# Deep tensor networks with the tensor-network attention layer

Tensor networks are ubiquitous in the field of many-body quantum physics. Since 2014 they have increasingly been applied also in machine learning. So far, two main applications of tensor networks in machine learning are the compression of large weight layers and a new type of multilinear model. Tensor networks are also a stepping stone toward applicable quantum machine learning. However, we typically use tensor networks as single-layer linear models in exponentially large Hilbert space. In this post, I will describe a non-linear tensor-network layer, which we can use to build deep tensor networks. I will discuss applications of deep tensor networks to specific datasets and tasks in the following posts.

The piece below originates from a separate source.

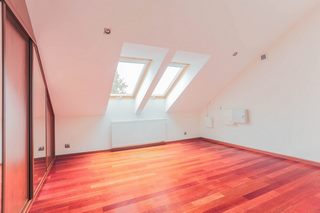 Komfortowy | solidnie zbudowany | prestiżowa lokalizacja
Dom na sprzedaż 
Powierzchnia: 177,75 m2
Rok budowy: 2012
KATOWICE 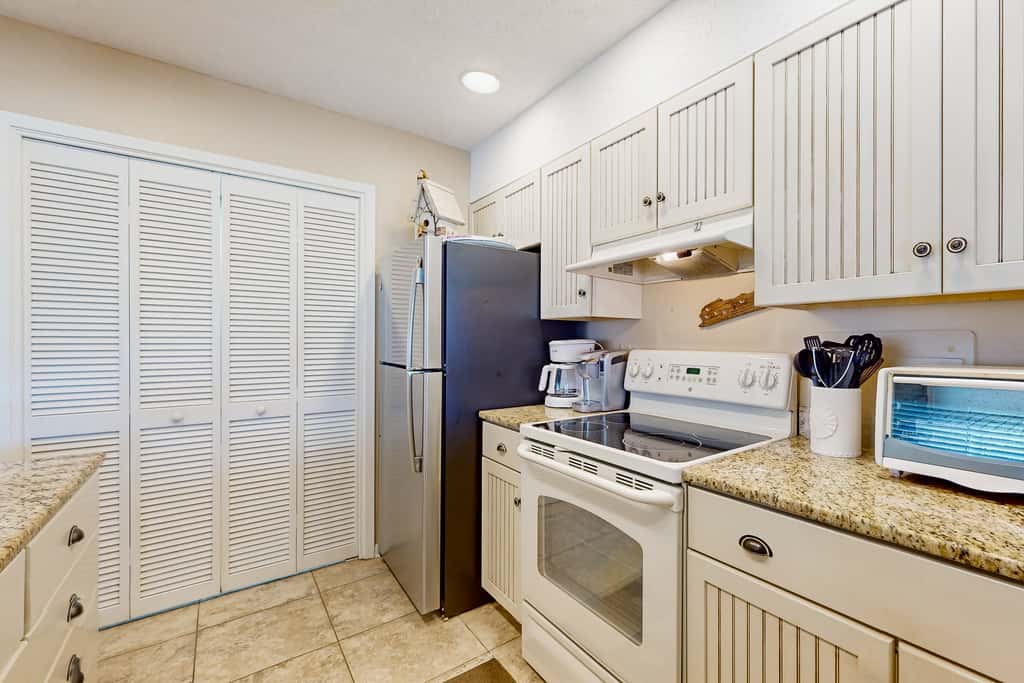 Lakefront townhouse with share pool, W&D, WiFi, Onsite Golf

This post is related to two papers:

- Deep tensor networks with matrix product operators
- [Grokking phase transitions in learning local rules with gradient descent] (https://arxiv.org/abs/2210.15435)

## Architecture

A standard tensor network model consists of two parts. The first part is the embedding, which transforms the raw input (categorical or numerical) into vectors of size $d$. The second part is an exponentially large linear model with weights given/compressed in a tensor-network form. Although the first embedding part is important, I will focus on the second part. We will assume that we have an embedding layer that transforms the input of length $N$ into a Hilbert space vector of size $d^N$ via a local embedding input features $x_i$, i.e. $x_j\rightarrow \phi(x_j)$.

We then write the embedding of a single input vector as a tensor product of the local embeddings, $\Phi(x)=\phi(x_1)\otimes\phi(x_2)\ldots\phi(x_N)$.

### Tensor network attention

In the following, we will transform the embedded inputs with the tensor-network (TN) attention layer determined by an attention tensor $A\in R^{D\times D\times d}$ and a transformation tensor $B\in R^{D\times D\times d \times d}$.

We will keep the tensors $A$ and $B$ constant for any input position. The generalization of uniform to non-uniform TN attention is straightforward.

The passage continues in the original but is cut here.